FAA establishes legitimacy of PMA parts — Period.


Pratt & Whitney was once a vocal opponent of PMA parts, sending letters calling the PMA industry problematic to the FAA. Within five years Pratt & Whitney began offering its own PMA parts on CFM 56-3 engines. Not only does it have PMA parts on CFM 56 engines today, it also has a program to develop more.

“Pratt & Whitney made a decision not to even develop an engine for the 787,” says Dickstein. “Instead, they took the resources that might have gone into developing an engine for the 787 and they put those resources into developing PMA parts for CFM engines. Instead of putting all the investment into creating a new engine, why not just make money off the existing engine and get PMA parts for the existing engine? I think it was a very smart business move on the part of Pratt & Whitney. It also represented a major shift in policy from them having been anti-PMA to them having suddenly become a PMA company themselves.”

Dickstein says that as the marketplace accepted PMA parts more and anti-PMA sentiments less, the air carriers themselves caught wind of the situation. “Air carrier representative are listening to this rhetoric and saying, ‘Hey, those parts are on my aircraft. I know they’re safe,’” says Dickstein. “They’re getting upset at the anti-PMA rhetoric.”

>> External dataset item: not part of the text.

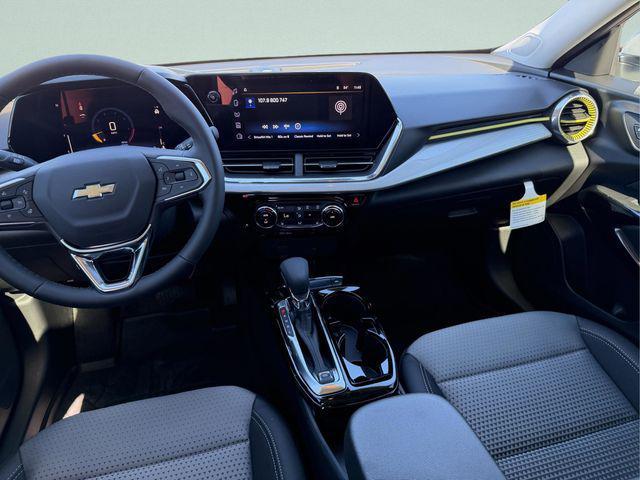 new 2026 Chevrolet Trax car, priced at $23,575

PMA parts are now accepted at the purchasing and quality assurance levels within air carriers because they have conducted investigations. “Air carriers had to investigate them to figure out whether or not they represented a good economic value,” says Dickstein. “When they did that investigation they found that, not only were they a good economic value, but they’re safe.”

Eligible components
According to a draft of FAA Order 8120.2F, “Manufacturing inspection procedures, materials, and/or special processes, such as hardening, plating, or shot-peening are not in and of themselves eligible for PMA.”

A PMA may be obtained for replacement parts for TSO articles that are approved as part of a product type design, provided that installation eligibility to that product can be shown. Approval of a part that would constitute a major design change to the TSO article cannot be done under a PMA and would require a new TSO authorization.

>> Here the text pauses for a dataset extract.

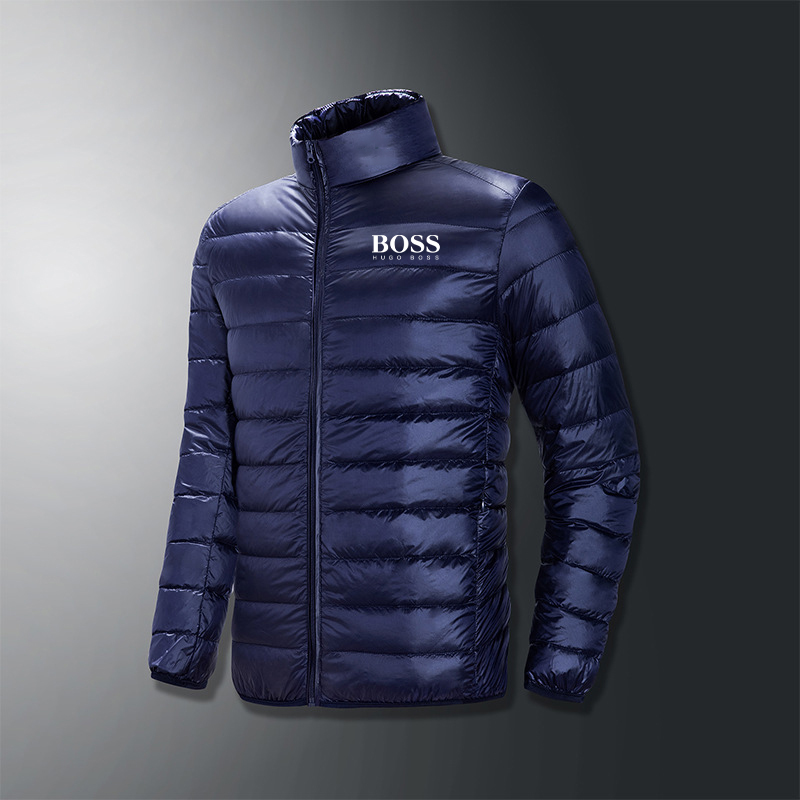 Men's winter warm down jacket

Even critical components can be PMAed in compliance with specific FAA guidance. “In fact, not only can you get a PMA on a critical part, but when you see a PMA on a critical part, chances are that critical part has gone through a level of FAA scrutiny that the OEM part didn’t go through,” says Dickstein.

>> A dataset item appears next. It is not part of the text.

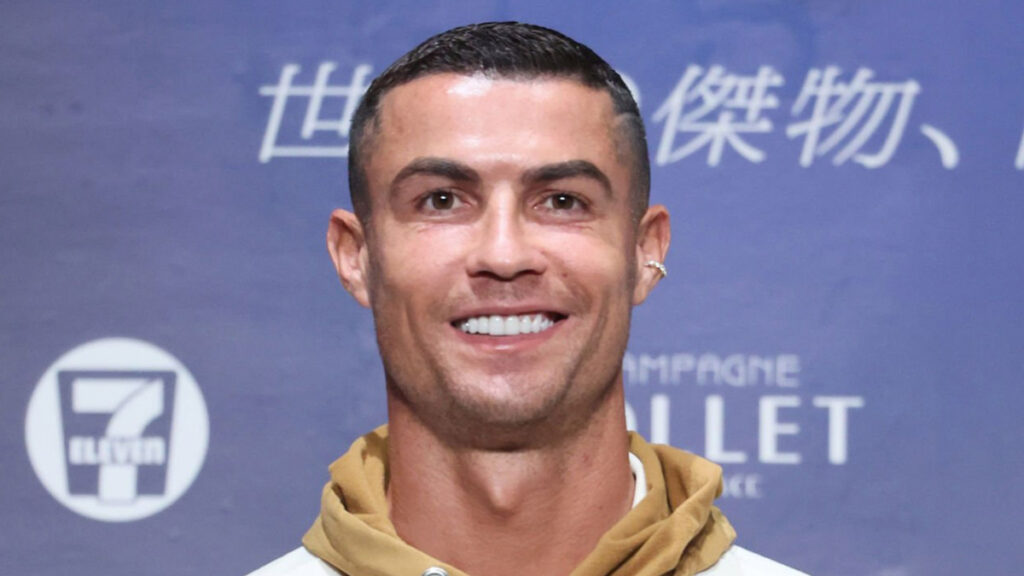 cristiano ronaldo latigazos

Manufacturers usually have many designated engineering representatives (DERs) on staff to approve their data. “For critical components, the use of DERs is often times limited or potentially unavailable to the PMA house,” says Dickstein. “Since critical parts are, well, critical, and because of the press and public relations associated with critical parts, the FAA has decided that they’re going to keep a tighter rein on those parts. It can take a lot longer to work those through the FAA. DERs may be less available or unavailable to those applications because of the fact that the FAA is retaining more of the oversight.”

The FAA has to witness all trials of the most critical components. These will never be delegated to a DER. The FAA has to do its own analysis of all the data and make the individual regulatory compliance findings themselves.

The draft for FAA Order 8120.2F also states that once a PMA part has left a PMA holder’s quality system, the holder must establish a procedure to report any failure, malfunction, or defect of the part to the FAA.

The FAA’s final say
According to the FAA AVS RAF Team report from Aug. 6, 2007, all PMA parts “must comply with the applicable airworthiness standards and be repaired, altered, or fabricated such that they conform to the approved or acceptable data and be safe for operation.”

OEM decisions cannot override the word of the FAA. “If the FAA approved a PMA part for use under the current ICAs, the OEM is in no position to tell you that the FAA’s approval is invalid,” says Dickstein.

MARPA says that the FAA expects that the industry will treat its approval of PMA parts with the respect that an FAA decision deserves.